EXERCISE GOAL —
Print, from the listing below, the lines starting at the line containing "SYMBIOSE FLEECE PLAID" and ending at the line containing "CHARCOAL GRILL PORTABLE", exactly as they stand, and print nothing else.

RECORDS TO USE —
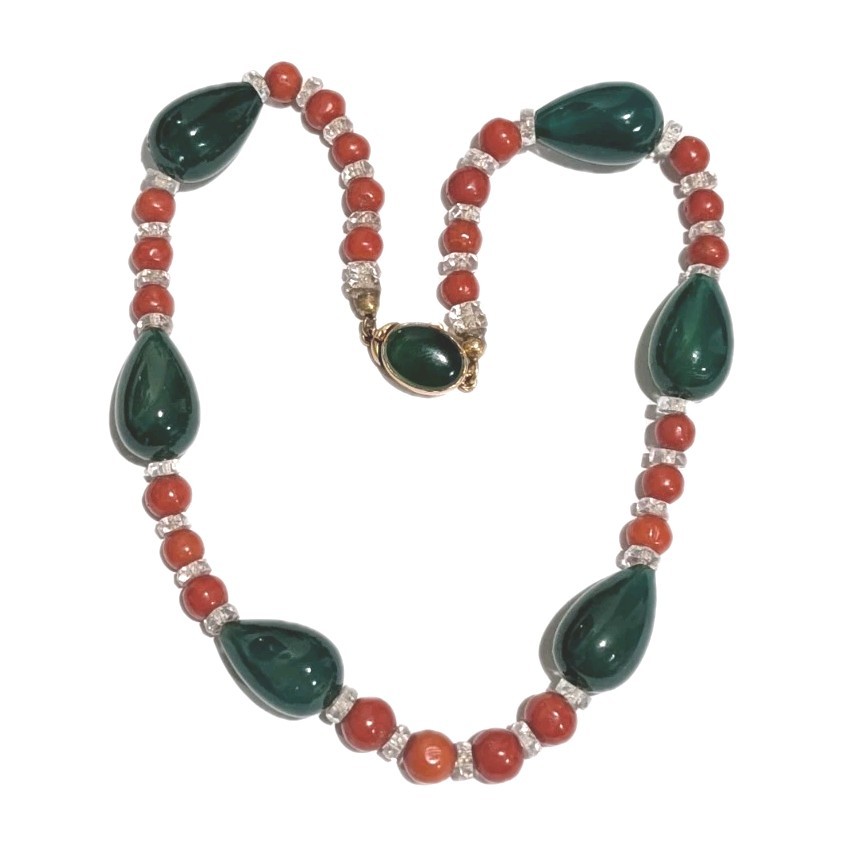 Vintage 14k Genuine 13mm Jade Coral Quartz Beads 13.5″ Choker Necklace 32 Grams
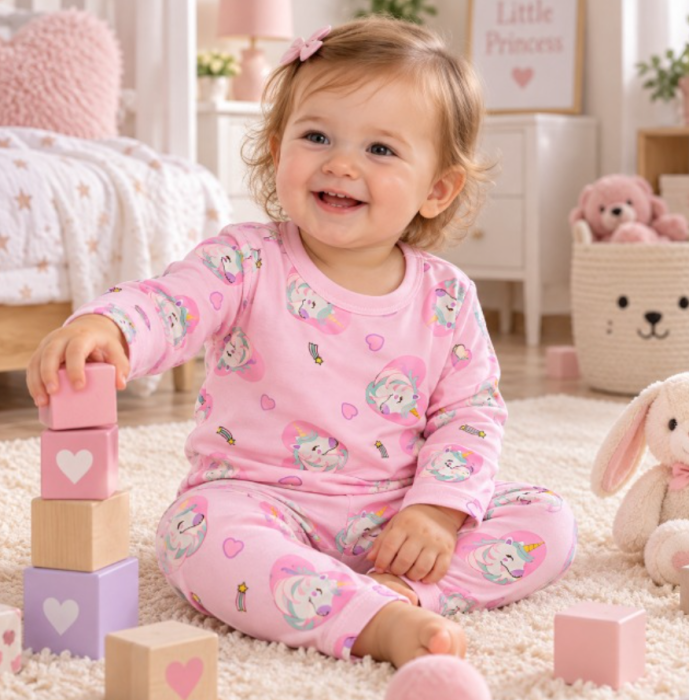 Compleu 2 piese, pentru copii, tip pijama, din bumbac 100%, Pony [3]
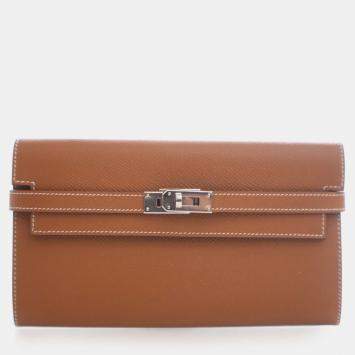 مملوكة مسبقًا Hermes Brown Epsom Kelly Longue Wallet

---

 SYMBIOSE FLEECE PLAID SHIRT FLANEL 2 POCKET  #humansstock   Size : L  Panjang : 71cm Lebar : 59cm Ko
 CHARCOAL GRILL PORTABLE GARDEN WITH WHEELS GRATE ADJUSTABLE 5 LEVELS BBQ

RESPONSE —
 SYMBIOSE FLEECE PLAID SHIRT FLANEL 2 POCKET  #humansstock   Size : L  Panjang : 71cm Lebar : 59cm Ko
 CHARCOAL GRILL PORTABLE GARDEN WITH WHEELS GRATE ADJUSTABLE 5 LEVELS BBQ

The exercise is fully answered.